Stored dataset items:
--------------------------------
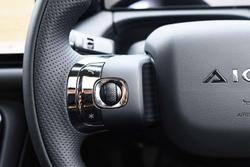 2026 Aion AION V Luxury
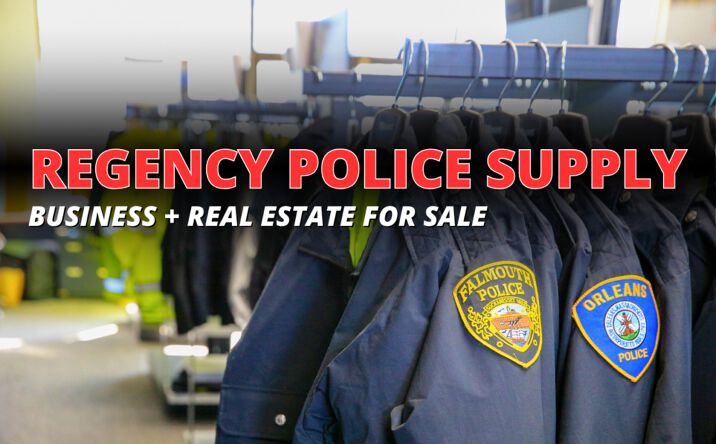 Pictures of Business for Sale property located at 11 Enterprise Rd, Barnstable, MA 02601 for sales - image #1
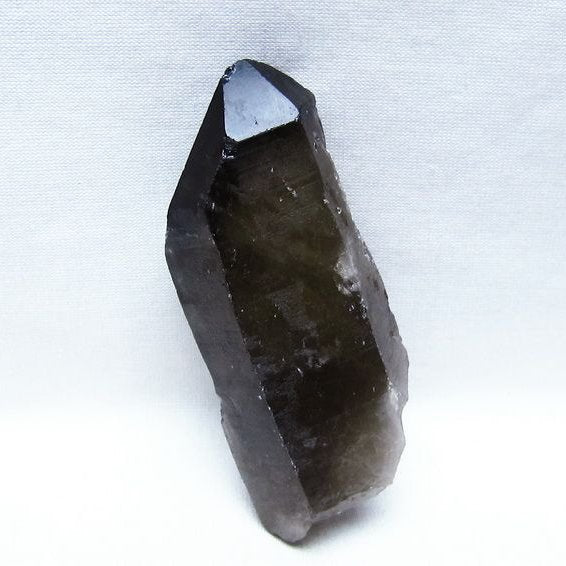 モリオン 原石 ブラジル産 黒水晶 一点物 171-9401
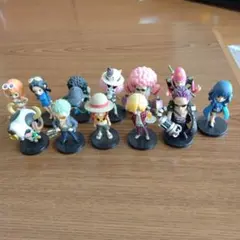 新品/匿名配送 ファンタジア 80周年 フィギュア Q-FiG MAX - メルカリ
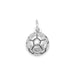 Soccer Ball Charm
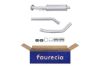Front Muffler -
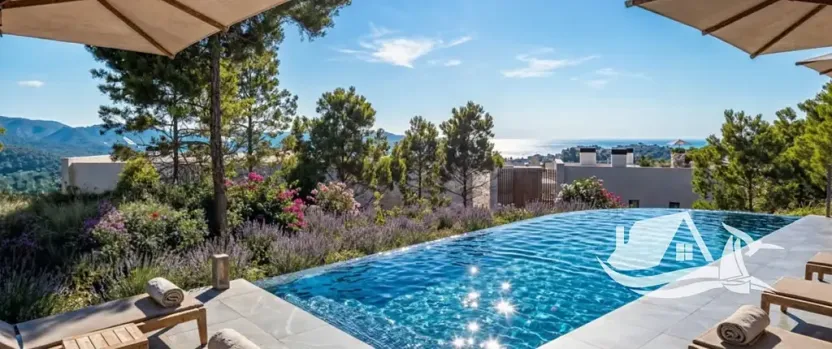 Prodej bytu 3+kk, Calvià, Španělsko, 92 m2
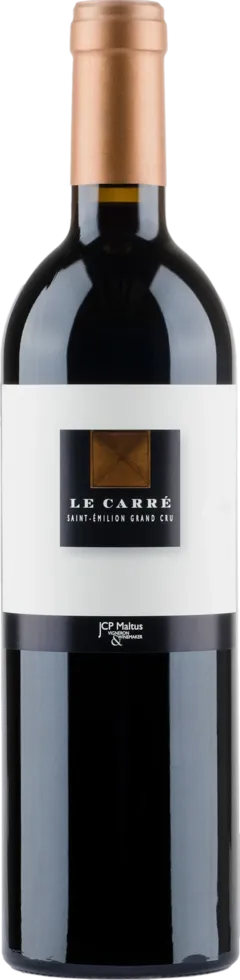 photo Le Carre Saint Emilion Grand Cru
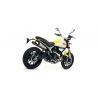 Echappement ARROW PRO-RACE DUCATI SCRAMBLER 1100 2018 0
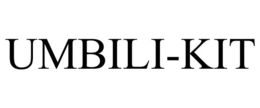 UMBILI-KIT trademark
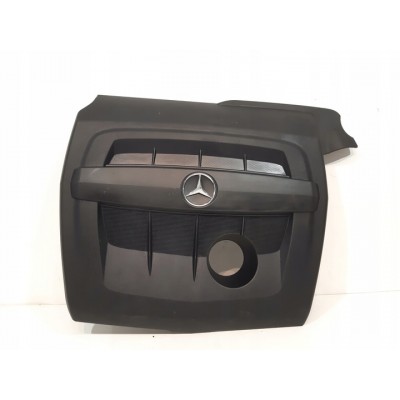 Motor Üst Koruma Kapağı Mercedes CLA Serisi Motor Üst Koruma Kapağı Mercedes CLA Serisi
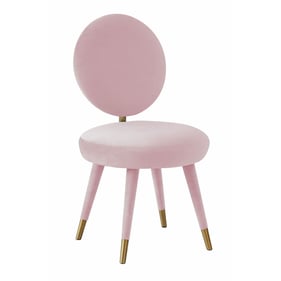 TOV Furniture Kylie Bubblegum Dining Chair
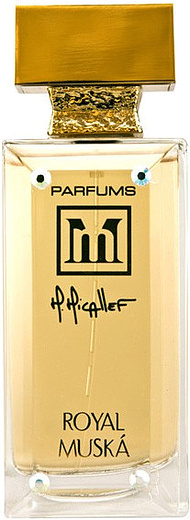 M. Micallef Royal Muska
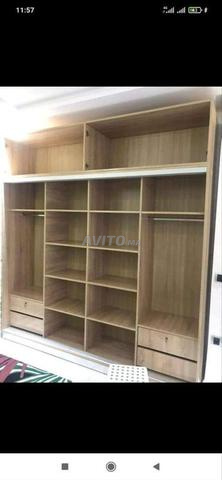 خزانة بثمن الجملة سارعوا العرض محدود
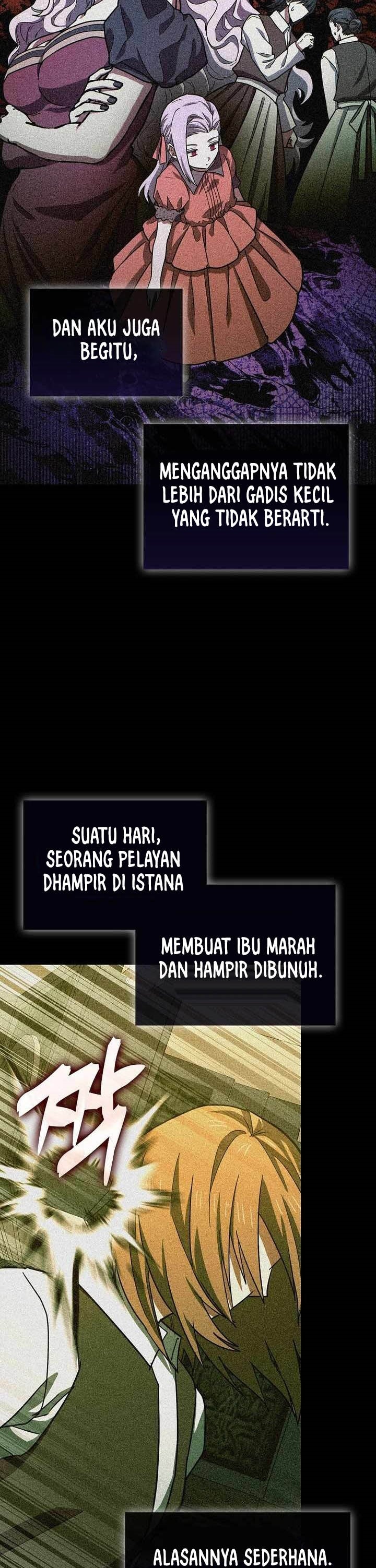 To Hell With Being A Saint, I'm A Doctor chapter 125 halaman 9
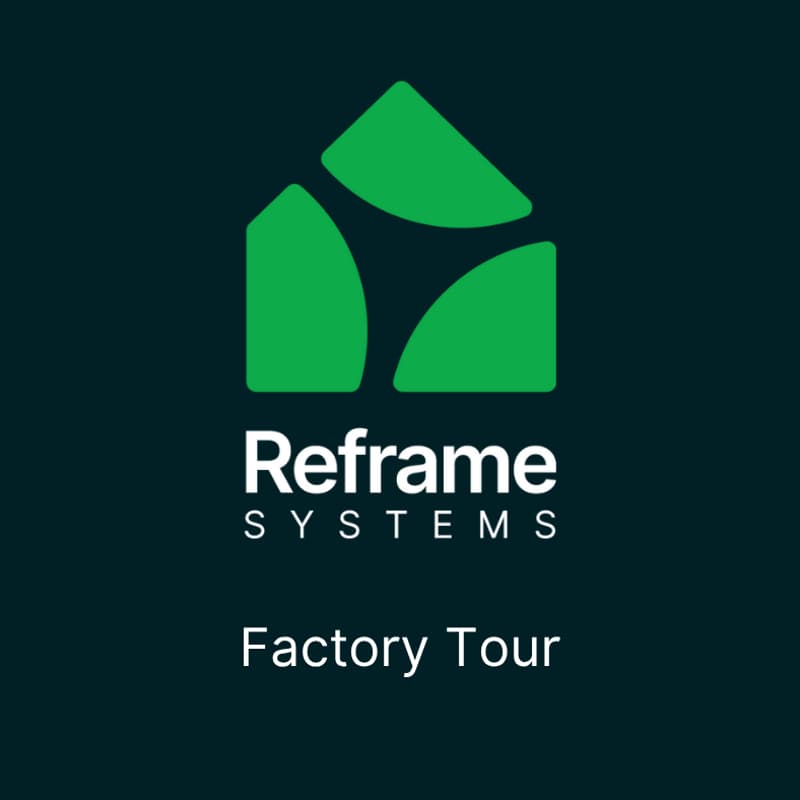 Cover Image for Freedom Village Factory Tour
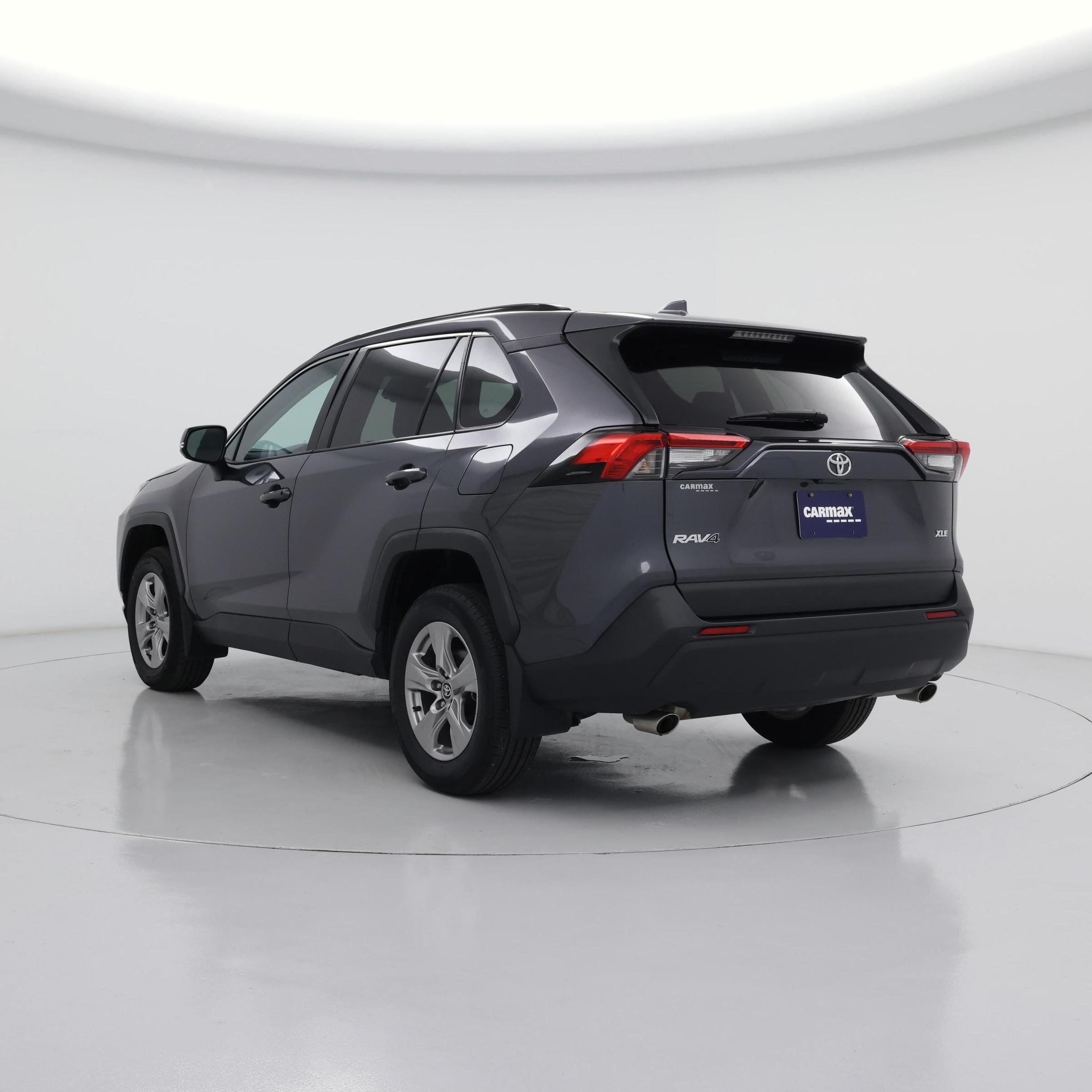 Thumbnail: 2024 Toyota RAV4 - 2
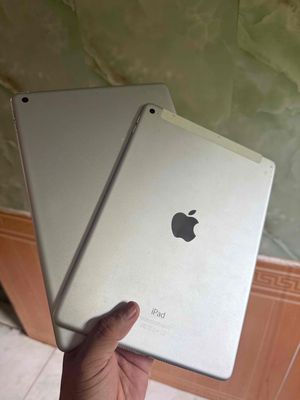iPad Air 2 16Gb. Mua bán Máy tính bảng tại Quận Cẩm Lệ Đà Nẵng được đăng bởi Mylinh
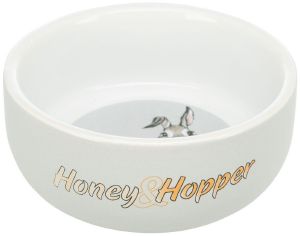  TRIXIE HONEY & HOPPER CERAMIC  250ML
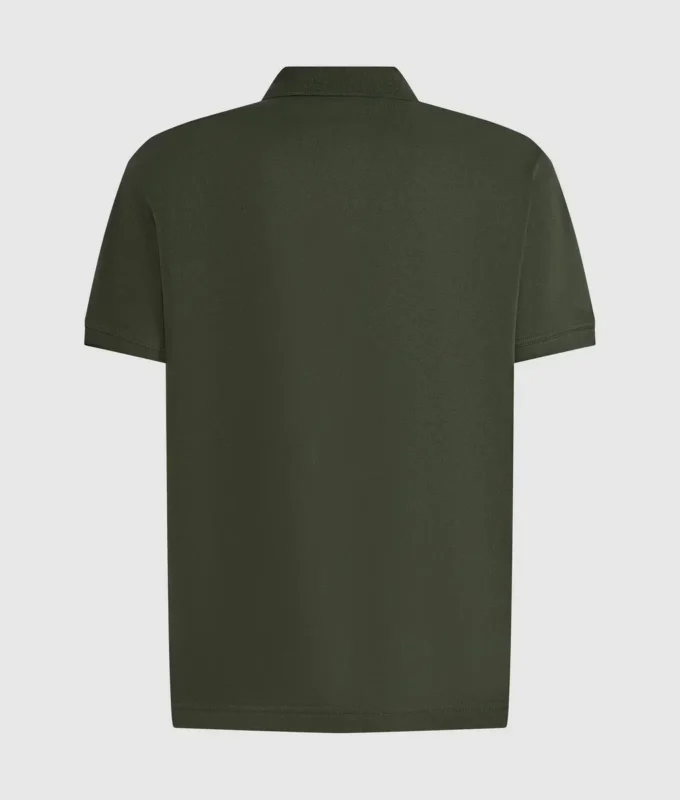 POLO CON LOGO POLO CON LOGO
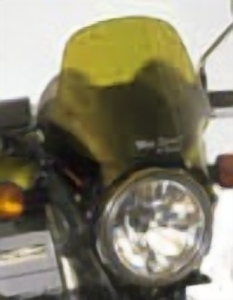 Cupolino mini Sprint 22 cm...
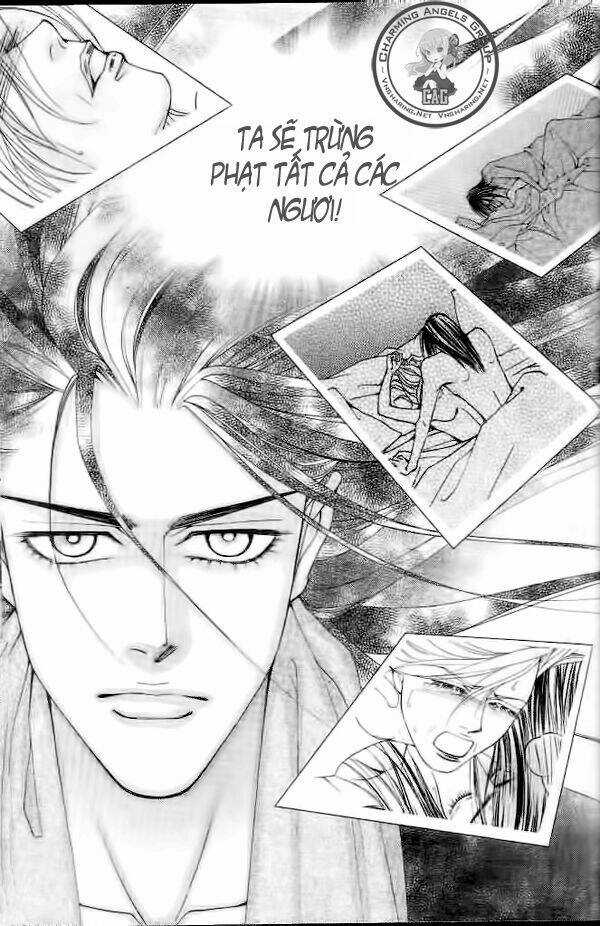 The One - Chapter 74 - Trang 10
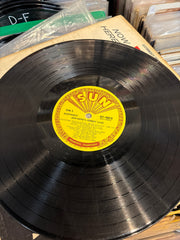 Now Here’s - Johnny Cash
--------------------------------
> [PROBLEM REQUIREMENTS]
Write out word for word every line from the line with "TRIXIE HONEY &" through the final line of the records, both included, skipping the pictures.

> [TASK SOLUTION]
  TRIXIE HONEY & HOPPER CERAMIC  250ML
 POLO CON LOGO POLO CON LOGO
 Cupolino mini Sprint 22 cm...
 The One - Chapter 74 - Trang 10
 Now Here’s - Johnny Cash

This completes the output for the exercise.